Anni fa per Ferragosto impazzava la speculazione di Borse più folle. Oggi il governo dei “tecnici” nella pancia del Decreto Salvaitalia decide di varare la privatizzazione di uno dei maggiori Musei italiani – la Pinacoteca statale di Brera – aprendo con essa le porte alla privatizzazione proposta da Giuliano Urbani ministro berlusconiano e contro cui insorsero i direttori di tutti i maggiori musei del mondo. Nel torrido agosto 2012 quasi nessuno commenta la clamorosa notizia. Non c’è un ex ministro, un ex sottosegretario, un responsabile culturale di qualche partito importante, nessuna associazione (temo) che alzi un grido di allarme e di dolore. O almeno un vagito.

Che il ministro per i Beni culturali, il Magnifico Ornaghi, fosse persino più latitante del mellifluo Bondi lo sapevamo. Ma che lasciasse al più potente collega Corrado Passera il compito di dare il via alla maxi-privatizzazione tutta “politica” di Brera non era prevedibile. Fra l’altro il disegno di legge (al cui articolo 8 si prevede la privatizzazione di Brera) è stato “concertato” da Monti coi ministri dell’Economia, dello Sviluppo economico, della Giustizia, delle Politiche agricole, della Cooperazione e del Turismo, assente il solo Ornaghi (forse l’hanno lasciato dormire…).

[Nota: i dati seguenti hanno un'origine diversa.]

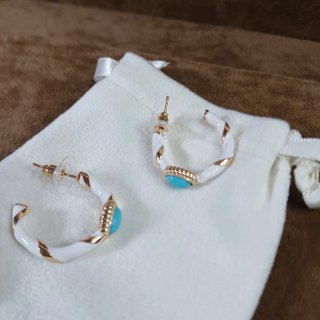 Pendientes Romanos Lacados Turquesa Chapado Oro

Si crea infatti la “Fondazione la Grande Brera” col compito di “valorizzare” e gestire “secondo criteri di efficienza economica” il museo creato da Napoleone e dal figliastro Eugenio di Beauharneis razziando opere di grande pregio in tutta Italia (Piero delle Francesca a Urbino, Raffaello a Città di Castello, Barocci a Ravenna, ecc.). Il decreto stabilisce “il conferimento in uso alla Fondazione mediante assegnazione al relativo fondo di dotazione, della collezione della Pinacoteca di Brera e dell’immobile che la ospita” (un sontuoso palazzo del Piermarini dal quale tempestivamente il commissario Mario Resca ha cacciato la più antica Accademia di Belle Arti). Nella Fondazione di diritto privato “La Grande Brera” entreranno rappresentanti dei privati e degli Enti locali. Saranno loro a nominare i tecnici? Pensiamo proprio di sì. Quale primo atto si potrebbe aprire nel cortile piermariniano un bel ristorante tipico meneghino con risòtt e luganeghìn. Quale miglior valorizzazione?

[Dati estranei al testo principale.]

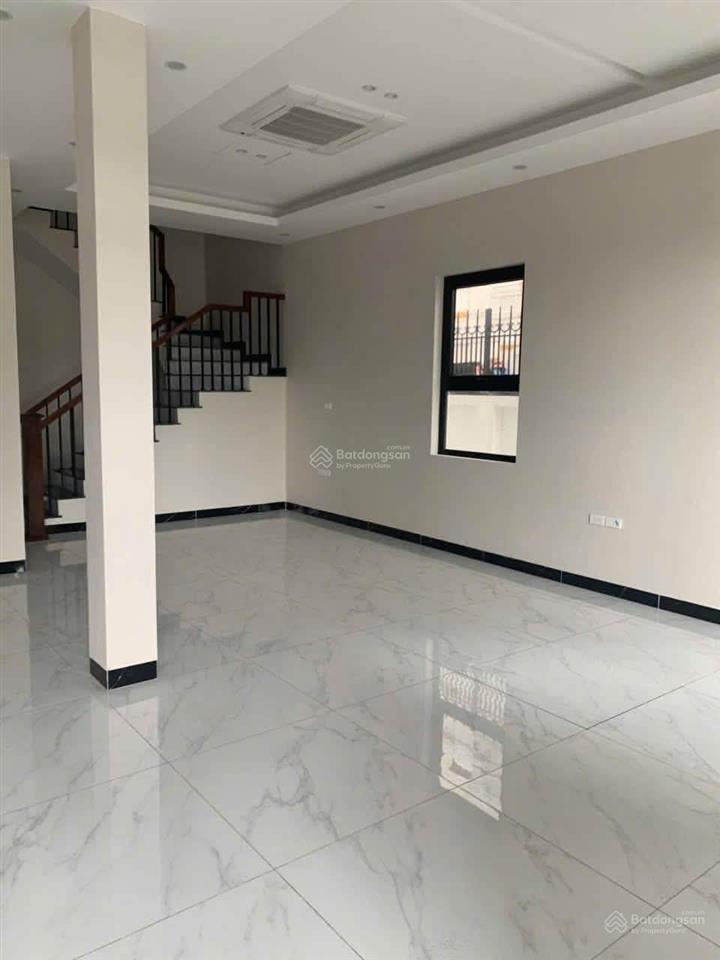 Cho thuê biệt thự liền kề đại kim mới, thang máy, nhà mới tinh. phù hợp văn phòng cty, ô tô tránh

Ma è costituzionale affidare ad una Fondazione privata un patrimonio pubblico ingentissimo, anche per qualità, arricchito da donatori privati (soprattutto nel ‘900) illusi di rendere ancor più grande la principale Pinacoteca statale di Milano e della Lombardia? Noi pensiamo proprio di no e ci meravigliamo che nessuno, sin qui, insorga e se ne indigni. E poi, cosa vuol dire uniformarsi nella gestione ai “criteri dell’efficienza economica”? Che i direttori dei musei italiani sono tutti degli incapaci perché non sanno trasformarli in “macchine da soldi”? Qui bisogna avvertire il ministro Passera (Ornaghi lasciamolo dormire) che i suoi super-ragionieri non sanno nulla della redditività dei musei: non sanno, ad esempio, che lo Stato francese copre ogni anno per il 60 % il passivo del Grand Louvre, dotato di servizi come un ipermercato (forse loro, in vacanza premio, lo credevano in attivo), o che il Metropolitan Museum di New York copre con le entrate proprie soltanto la metà dei costi. Vuol dire che a Brera si faranno mostre decisamente commerciali (magari Caravaggio ch’el tira tant), manifestazioni d’alta moda e simili, presentazioni di auto (se Marchionne ne produrrà ancora in Italia) e non più ricerca, mostre di ricerca, studi e indagini scientifiche? Vuol dire che, invece di far entrare gratis, come avviene, civilmente da noi, circa la metà degli utenti (anziani, giovani, scolaresche, studiosi, ecc.), si esigerà da tutti – al pari dei Musei Vaticani - un salato biglietto d’ingresso? “I beni culturali sono il nostro petrolio”, lo sentenziò l’on. Pedini Mario, ministro dei Beni Culturali, di cui si ricorda soltanto che faceva parte della Loggia P 2.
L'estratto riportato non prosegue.